Katanya, ada dua hal yang perlu mendapat perhatian dari pemerintah sebagai pemangku kebijakan terkait kemungkinan resesi. Dua hal ini berkaitan dengan ketahanan pangan dan keputusan dalam peminjaman utang.
Larena tidak dapat dipungkiri, jika resesi benar terjadi maka dampaknya ialah masyarakat sulit untuk menjangkau kebutuhan pokok seperti pangan dan energi.
Sulitnya memperoleh barang-barang kebutuhan dipengaruhi ketersediaan yang minim dengan tren harga yang melambung tinggi. Menurut Dr Imron kondisi ini dapat diantisipasi dengan cara meningkatkan transportasi massal demi menghemat cadangan energi dan menambah buffer atau cadangan untuk pangan.
“Saya kira yang harus diwaspadai oleh pemerintah ke depan itu ialah pangan dan energi. Itu yang harus diperhatikan. Karena (di masa mendatang) ada peningkatan kebutuhan pangan dan energi yang besar sementara produksi energi dan pangan itu boleh dikatakan stag begitu ya.

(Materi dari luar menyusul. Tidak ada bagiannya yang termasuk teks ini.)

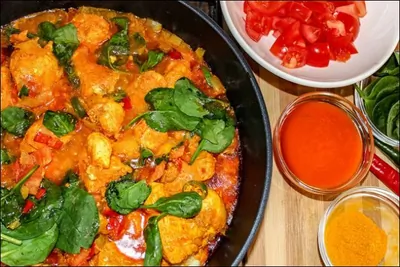 Рагу из курицы с красным пальмовым маслом и шпинатом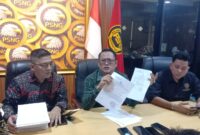 Dewan Pimpinan Pusat Prabu Satu Nasional (DPP PSN) bersama LBH Cakrawala Keadilan menggelar konferensi pers terkait dugaan pemerasaan oleh oknum polisi di bilangan Duren Sawit, Jakarta Timur, Rabu (16/7/2025).(Foto: istimewa)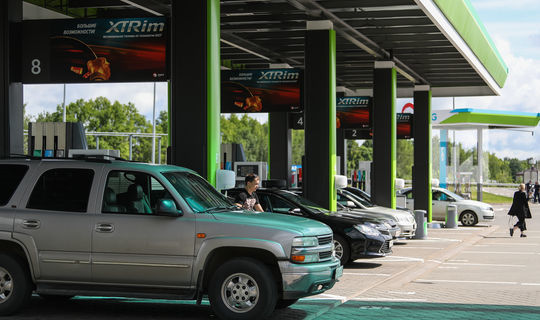 Повышать цены на бензин в Татарстане не будут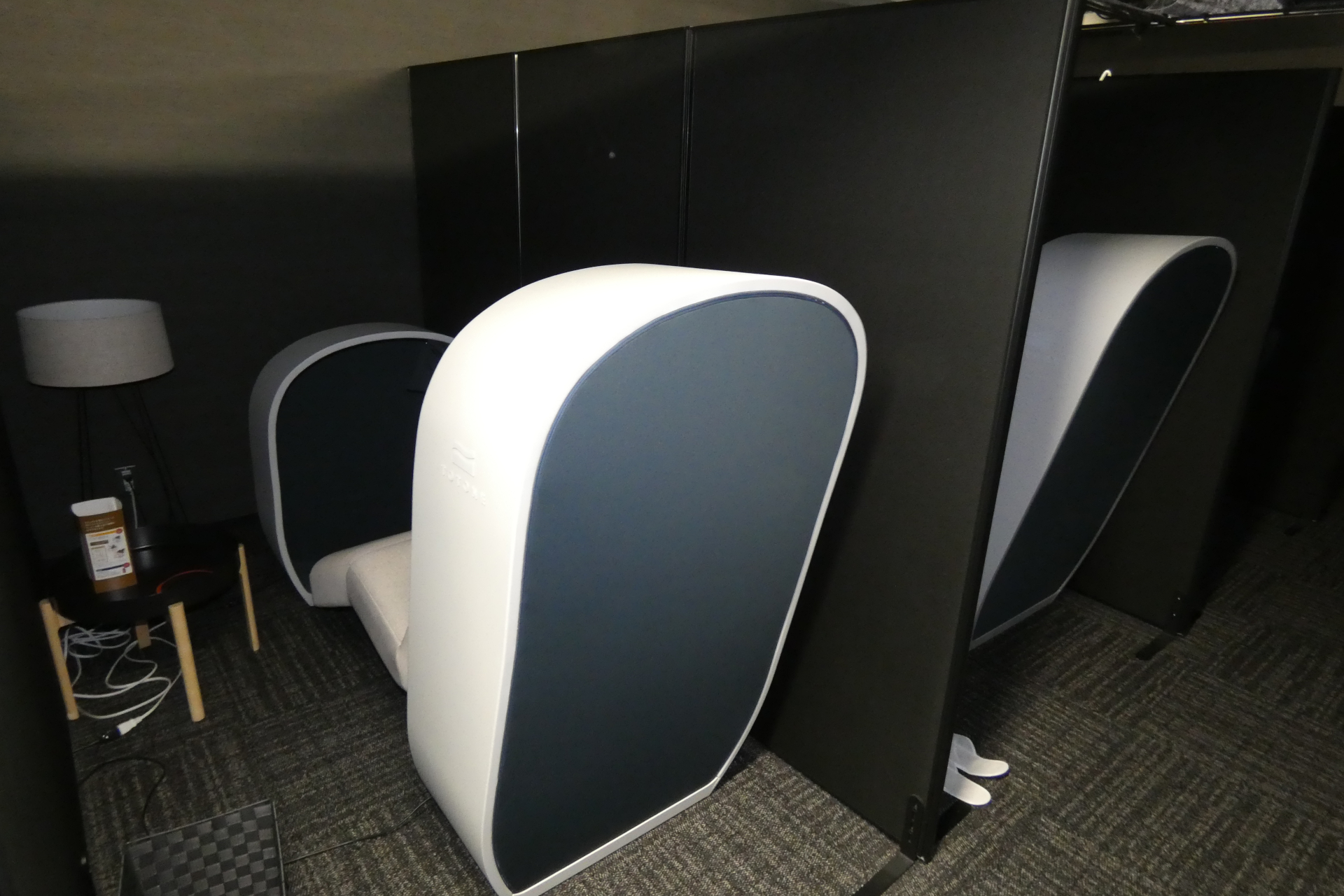 3階の睡眠カフェには標準仕様のものが2台設置されている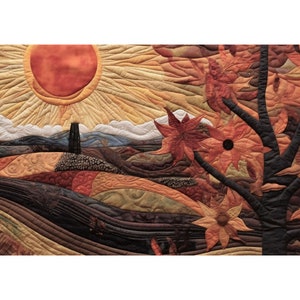 K&ouml;nnte beinhalten: Ein gequiltetes Wandbild, das eine stilisierte Landschaft mit untergehender Sonne, sanften H&uuml;geln und einem Baum mit Herbstlaub darstellt. Die Farben sind warm und erdig, mit Braun-, Orange- und Gelbt&ouml;nen.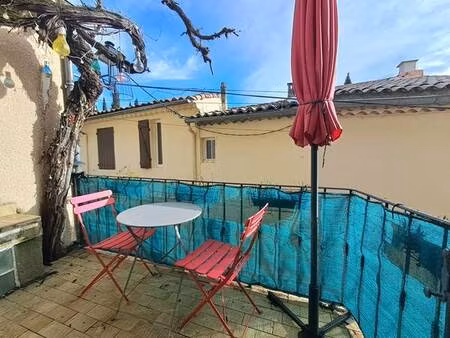 maison de village 3/4 chambres  cave et terrasse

Artinya sulit untuk ditingkatkan yang signifikan,” jelas Wakil Dekan II Fakultas Teknologi dan Multidisiplin Unair itu.
Kebijakan pemerintah, lanjutnya Imron, dalam mengantisipasi kenaikan harga energi bisa dilakukan dengan cara meningkatkan produksi energi alternatif seperti tenaga surya atau meningkatkan transportasi massal untuk menurunkan penggunaan BBM pada kendaraan pribadi. Hal itu yang masih mungkin dilakukan, karena selama ini Indonesia masih menjadi net importir energi.
Kemudian, kenaikan tren harga dari pangan dunia perlu dicarikan solusi dengan cara menambah buffer atau memperkuat ketahanan pangan sebelum terjadinya krisis. Hal itu penting dilakukan mengingat Indonesia masih cukup tergantung dengan beberapa produk pangan dunia.

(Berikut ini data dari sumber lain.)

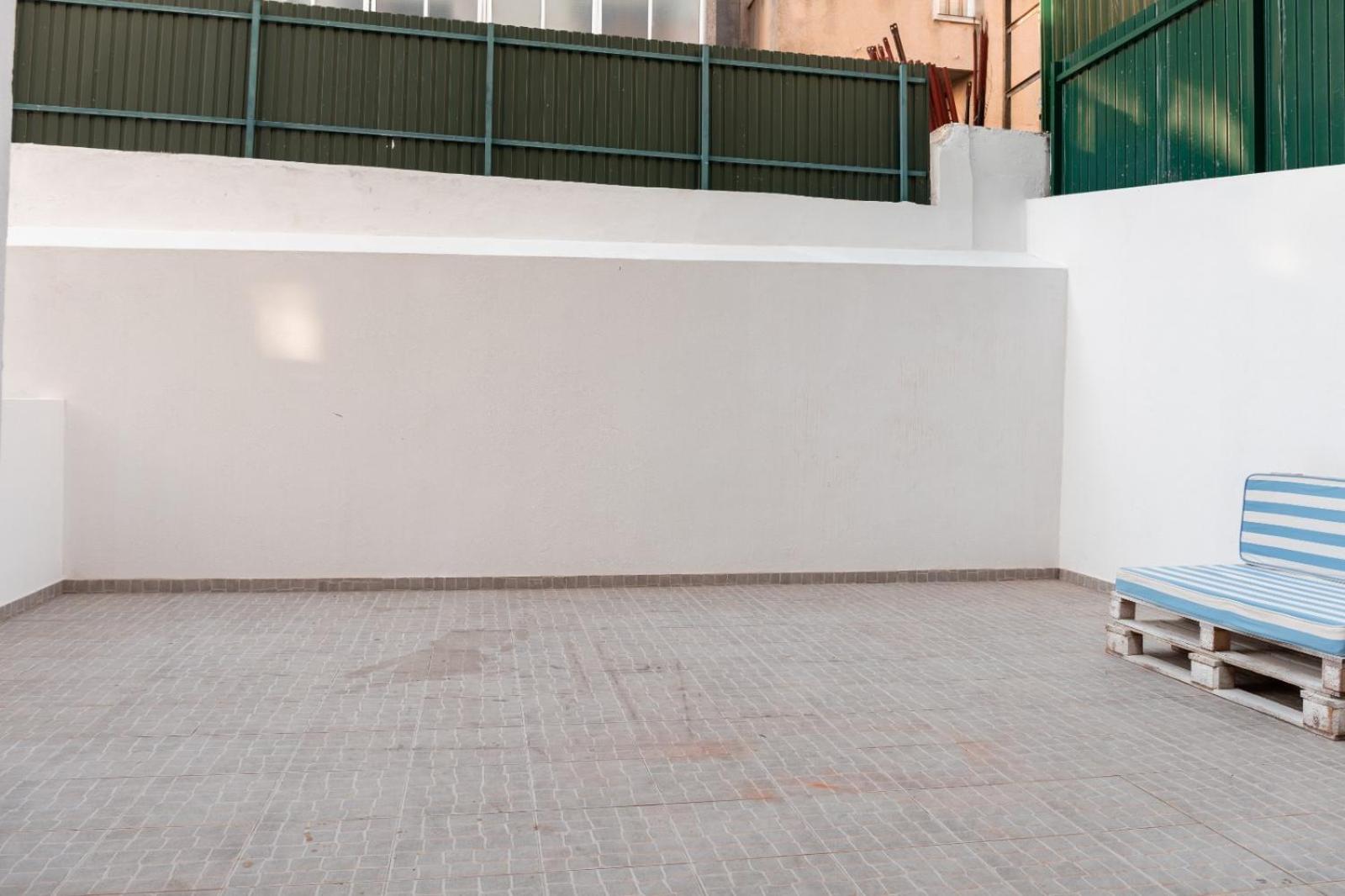 Entrecampos - Two bedroom apartment with Terrace view 4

“Ada tren bahwa pangan dunia akan naik, sementara kita cukup tergantung dengan beberapa produk pangan dunia seperti kedelai, jagung, kemudian produksi pangan yang lain yang trennya itu juga akan meningkat kedepan. Sehingga ini juga harus diantisipasi dengan pemerintah dengan membentuk buffer yang kuat disana (pangan, Red) termasuk juga padi,” ujar jelas Imron lagi.
Pemerintah, lanjutnya, mesti mempertimbangkan betul keputusan sebelum berutang. Dosen fakultas Ekonomi dan Bisnis itu menyebut, kemampuan dalam membayarkan utang bukan ditentukan dari rasio uang terhadap Produk Domestik Bruto (PDB), tetapi ditentukan dari tax ratio.

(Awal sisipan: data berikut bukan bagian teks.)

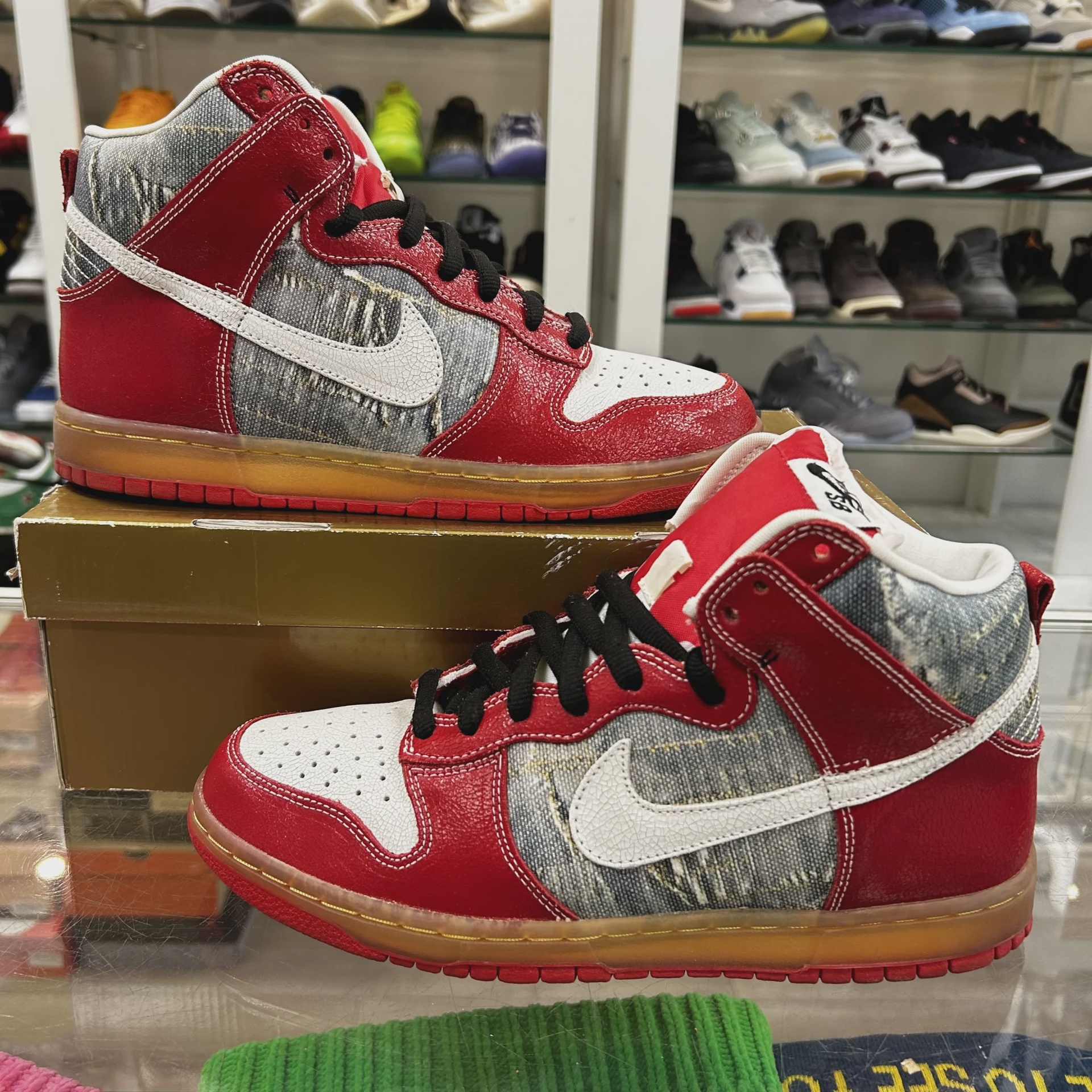 Nike SB Dunk High Shoe Goo • Pre-Owned [5653]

“Pemerintah harus memperhitungkan bahwa kemampuan membayar utang pemerintah itu terletak pada tax ratio dimana tax ratio kita itukan hanya sekitar 9 persen dari PDB artinya per 1000 PDB itu hanya bisa menghasilkan 90 pajak,” tegasnya.
Eropa, lanjut dia, memiliki tax ratio di atas 30 persen. Artinya jika utang mereka setara dengan 60 persen dari PDB maka utang tersebut akan lunas dalam waktu dua tahun. Tetapi kalau utang Indonesia 40 persen dari PDB maka mencapai 4 tahun dari perolehan pajak untuk dapat melunaskan utang tersebut.
“Ini harus diperhitungkan, bagaimana pemerintah juga menurunkan atau mengurangi rasio utang kita ke depan yang tentunya dengan melakukan penggunaan anggaran yang efisien. Bahaya jika butuh utang seharusnya utang yang produktif yang betul-betul bisa memiliki dampak multiplier terhadap perekonomian,” tutup Imron. (hdl)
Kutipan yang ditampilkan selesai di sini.